* [Data for this task]:
============
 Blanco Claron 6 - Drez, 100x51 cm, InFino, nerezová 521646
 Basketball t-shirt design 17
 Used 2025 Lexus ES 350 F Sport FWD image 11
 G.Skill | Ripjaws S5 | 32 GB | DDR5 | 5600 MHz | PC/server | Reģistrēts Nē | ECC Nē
============
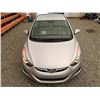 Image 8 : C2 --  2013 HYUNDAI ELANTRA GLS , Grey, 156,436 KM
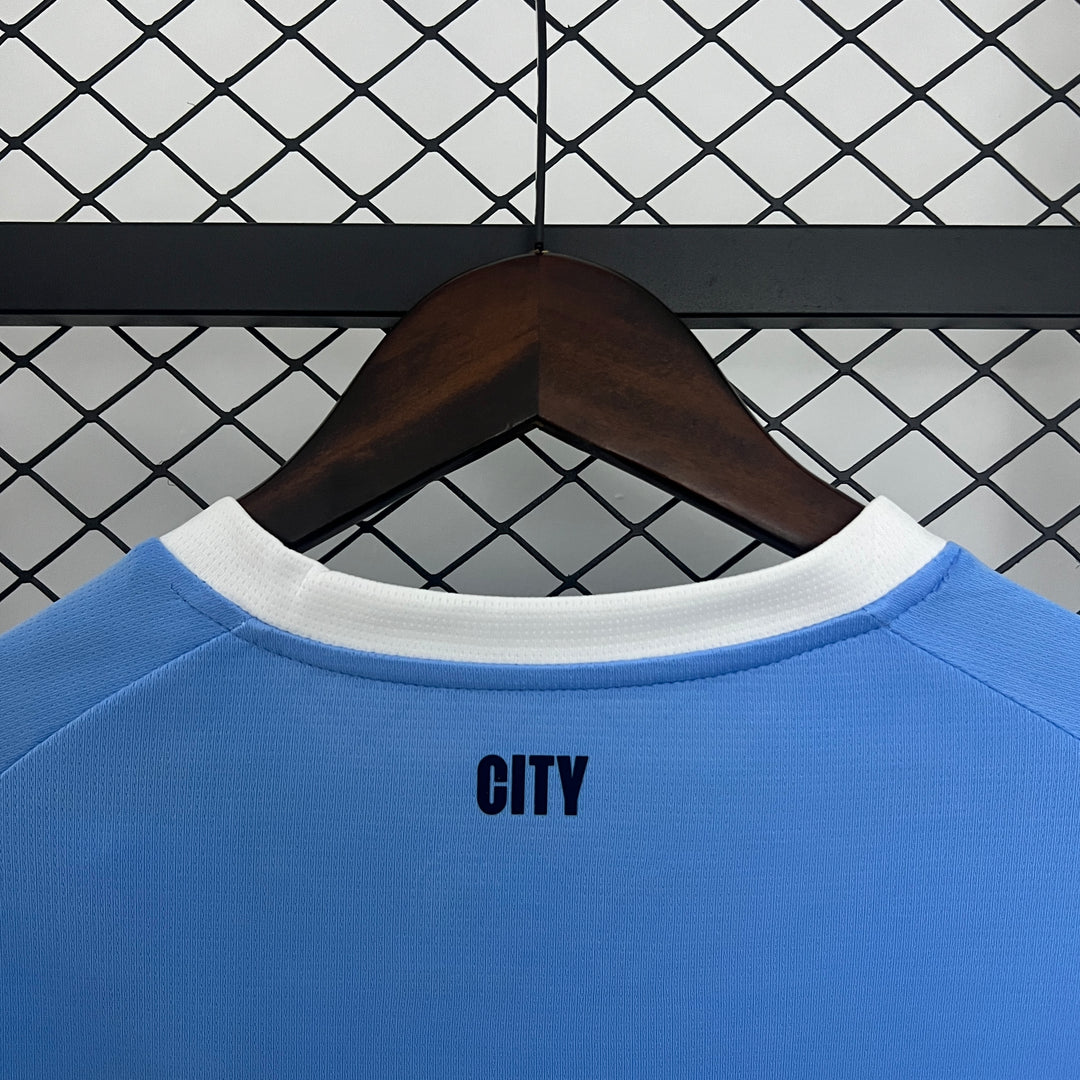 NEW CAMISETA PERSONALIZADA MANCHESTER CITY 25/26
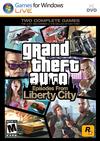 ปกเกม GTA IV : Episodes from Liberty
============
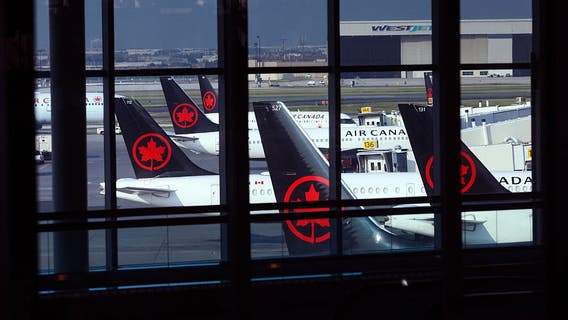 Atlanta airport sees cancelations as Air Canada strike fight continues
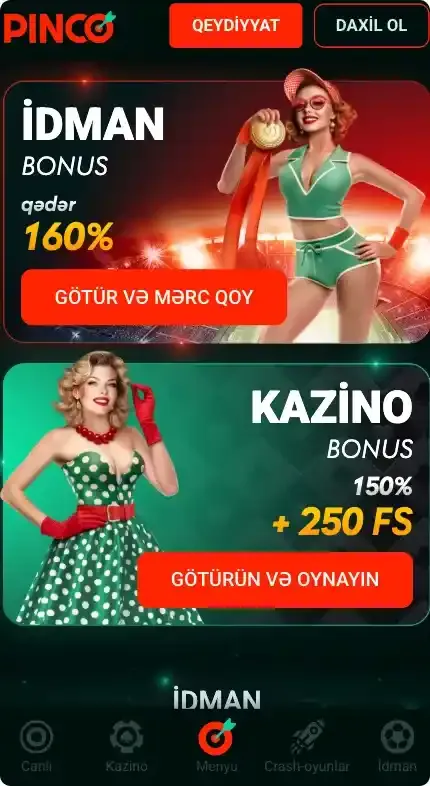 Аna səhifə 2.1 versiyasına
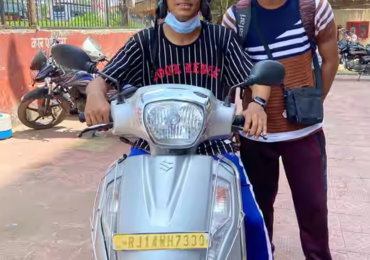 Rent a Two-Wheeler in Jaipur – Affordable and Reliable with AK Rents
============
* [Aim of the task]: Set down again, word for word, every line from the one with "Аna səhifə 2.1 versiyasına" to the one with "Rent a Two-Wheeler" in the entries above, and omit the pictures.

* [Expected answer]:
 Аna səhifə 2.1 versiyasına
 Rent a Two-Wheeler in Jaipur – Affordable and Reliable with AK Rents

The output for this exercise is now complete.